Very earnestly had the girls improved their stray chances, and very carefully hoarded their copper coins. They nearly saved enough to buy a dress, when Nelly was taken sick, and as the mother had no money beforehand, poor Nelly’s money had to be used for medicine.

“Oh, I did feel so bad when school opened and Nelly could not go, because she had no dress,” said Mary. “I told mother I wouldn’t go either, but she said it would be better, for I could teach sister some, and it would be better than no schooling.

“I stood it for a fortnight, but Nelly’s little face seemed all the time looking at me on the way to school, and I couldn’t be happy a bit, so I finally thought of a way by which we could both go. I told mother I would come one day, and the next I would lend Nelly my dress and she might come; that’s the way we have done it this week. But last night somebody sent sister a dress just like mine, and now she can come too.

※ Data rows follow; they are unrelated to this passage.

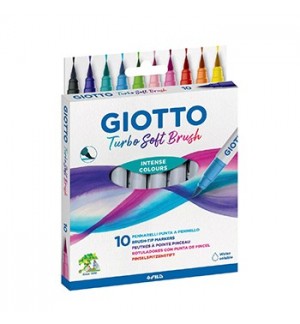 Marcador Feltro Aguarelável Giotto Turbo Soft Brush 10 Cores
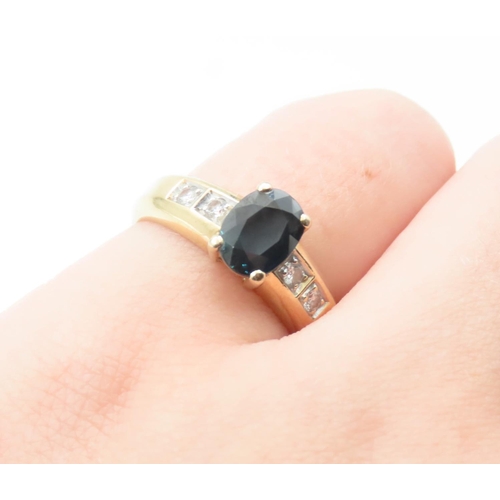 1214 - Sapphire Center Stone Ring Mounted on  18 Carat Yellow Gold Band Further Diamonds Set to Shoulders R... 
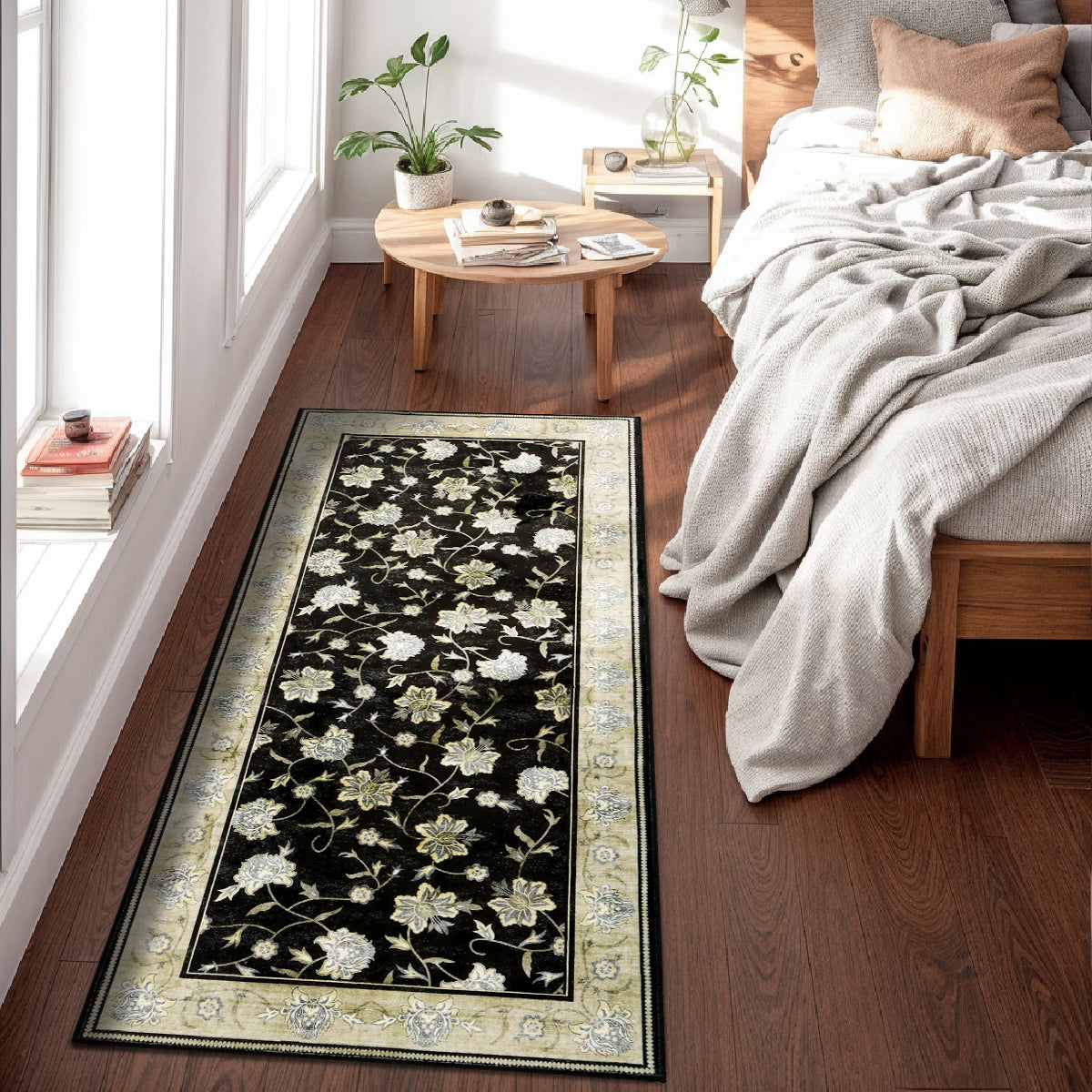 Decor Non-Slip Back Soft Runner Area Carpet Floor Area Rug Indoor Accent Decorative Mat, Elegant Black Cream Floral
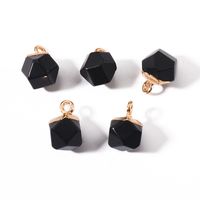 5 Pcs/package Simple Style Geometric Natural Stone Plating Inlay Pendant Jewelry Accessories sku image 3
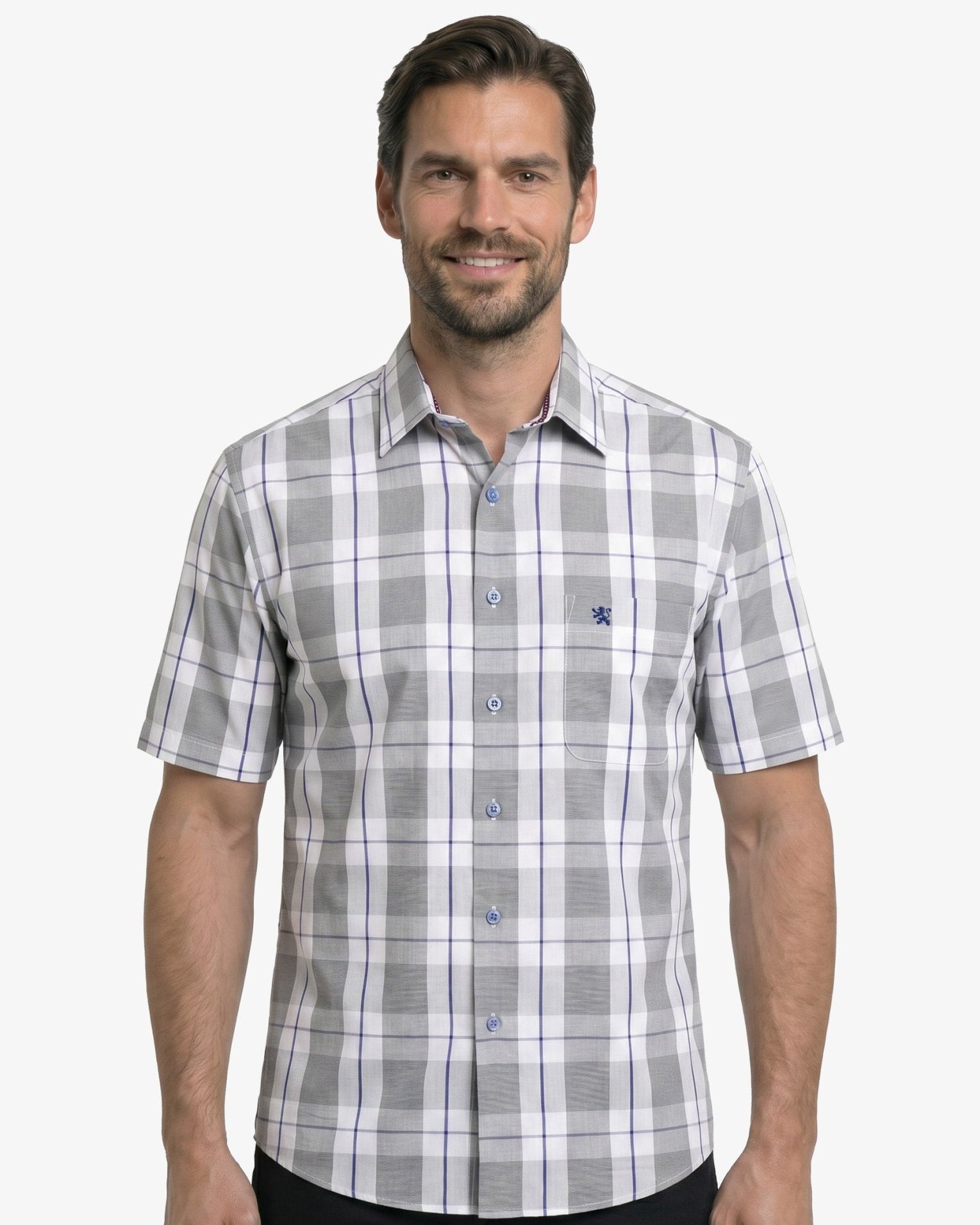 Manchester Camisa Casual Manga Corta Cuadros Modernos - Manchester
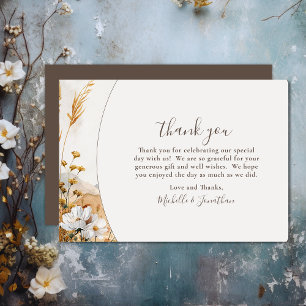 Pretty Boho Mountain Wildflower Wedding Thank You Card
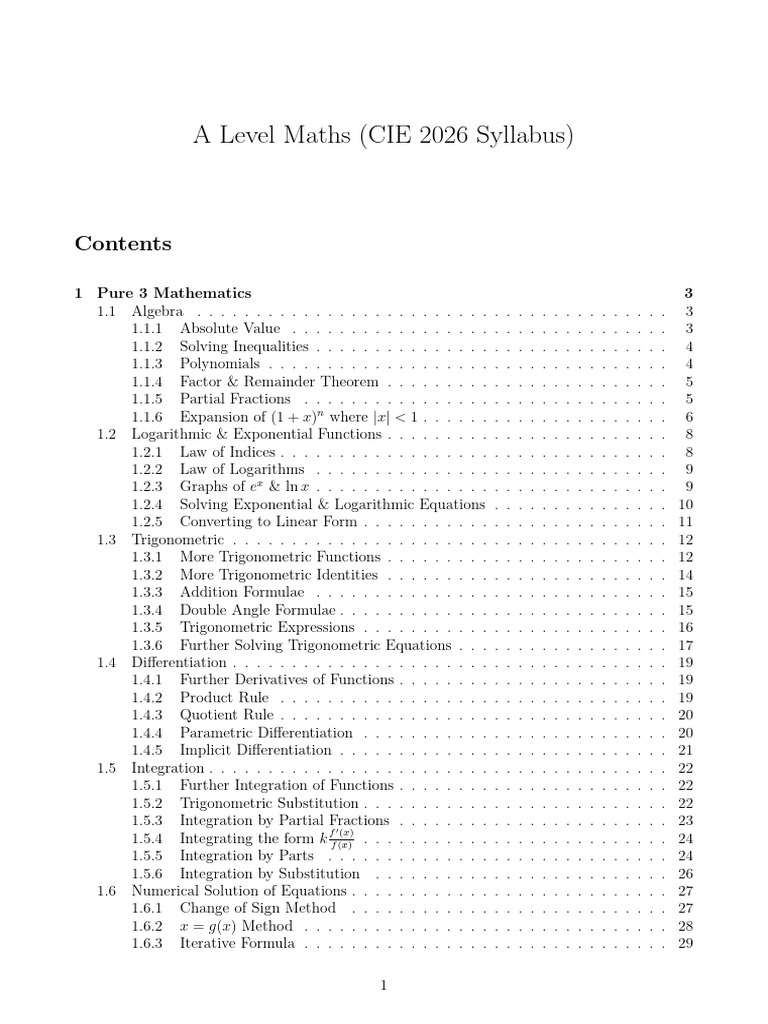 A-LevelMaths P3 | PDF | Arithmetic | Elementary Mathematics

“Oh, if I knew who it was, I would get down on my knees and thank them, and so would Nelly. But we don’t know, and so we’ve done all we could for them – we’ve prayed for them – and oh, Miss Smith, we are all so glad now. Aren’t you too?”

“Indeed I am,” was the emphatic answer.

The following Monday, little Nelly, in the new pink dress, entered the schoolroom with her sister. Her face was as radiant as a rose in sunshine, and approaching the teacher’s table, she exclaimed:-

“I am coming to school every day, and oh, I am so glad!”

The teacher felt as she had never before, that it is more blessed to give than to receive. No millionaire, when he saw his name in public print, lauded for his thousand dollar charities, was ever so happy as the poor school teacher who wore her gloves half a summer longer then she ought, and thereby saved enough to buy that little fatherless girl a calico dress.